From the front door to your bedroom sanctuary, picking the right colors for your home is a deeply personal choice—but did you know it can also be scientific? Here’s what you need to know about color theory and how to use it in your home décor.
What Is Color Theory?
Color theory is the science behind how colors harmonize and work together. Color theory is based on the color wheel, which guides artists and designers in choosing the right hues for their work. Because color creates ambiance, influences mood, and can affect how we feel, it helps to understand which shades evoke different feelings.
When it comes to your home, color theory can help you set the right mood in every room. Here are four ways to use color theory to bring your home to life.

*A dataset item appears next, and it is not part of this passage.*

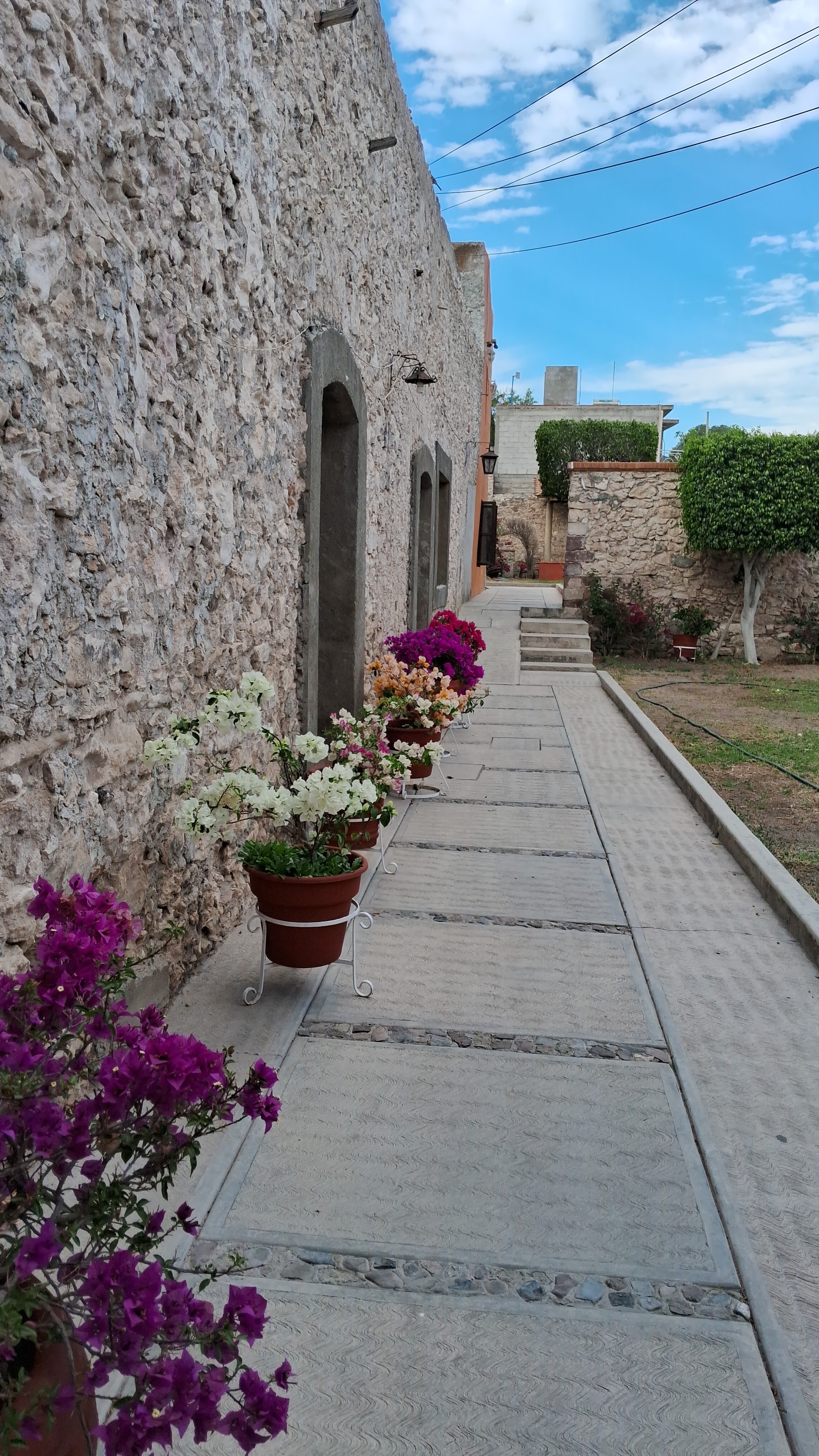 Restaurant Los Arcos image 5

1. Start With Your Favorite Color
Chances are your favorite color makes you feel happy, calm or refreshed. Start there when choosing hues for the bedroom, entry or sitting room. These are spots that set the tone for how you start the day or transition from daily duties to family time. Splashing these spaces in colors that ground you and make you happy helps put you in a positive frame of mind—whether it’s heading to the boardroom or setting up family game night.
2. Remember That Opposites Attract
If you’re looking for a way to liven up your blue-themed dining room, try a dash of orange. It may feel counter-intuitive, but blue and orange are opposite each other on the color wheel, making them complementary colors. Another opposite pair? Red and green—that’s why that holiday combo works so well! Use complementary colors from the color wheel to help you pick hues that are both surprising and perfectly harmonious.

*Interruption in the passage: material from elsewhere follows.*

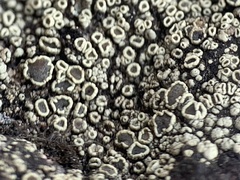 Lecanora argopholis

3. Add Some Math to Make Color Magic
Before you start having flashbacks of high school math class, relax. This math is easy. Designers use the 60-30-10 rule to apply color to a room. This means you choose three primary colors for a room: dominant, secondary and accent. The dominant color is the main color used—usually the color of the walls. The secondary color is typically the color of furniture and upholstery, and the accent color is found on things like throw pillows, candles or a rug.
Here’s where the math comes in. You use the dominant color in 60% of the space, the secondary color for 30% and the accent color makes up 10% of the color in the space. This ratio helps maintain balance and creates a sense of harmony.
4. Take Your Temperature
Color comes in a range of hues from warm to cool. While every color has shades that can be warmer or cooler, some tints lend themselves to one or the other. Yellows and reds are considered warm colors that tend to energize, while blue and greens are cool colors associated with calm and tranquility. Depending on the mood you’re going for, the temperature of the colors you pick can make a big difference. And don’t worry—just because you want to use red in your reading nook, it doesn’t mean you can’t keep it calm with the right shade and neutral accents that help cool down fiery crimson.
No matter what colors tickle your fancy, using color theory can help you put together the perfect palette for every room in your home—whether décorating a new home for the first time or updating a well-loved house to pass on to new owners.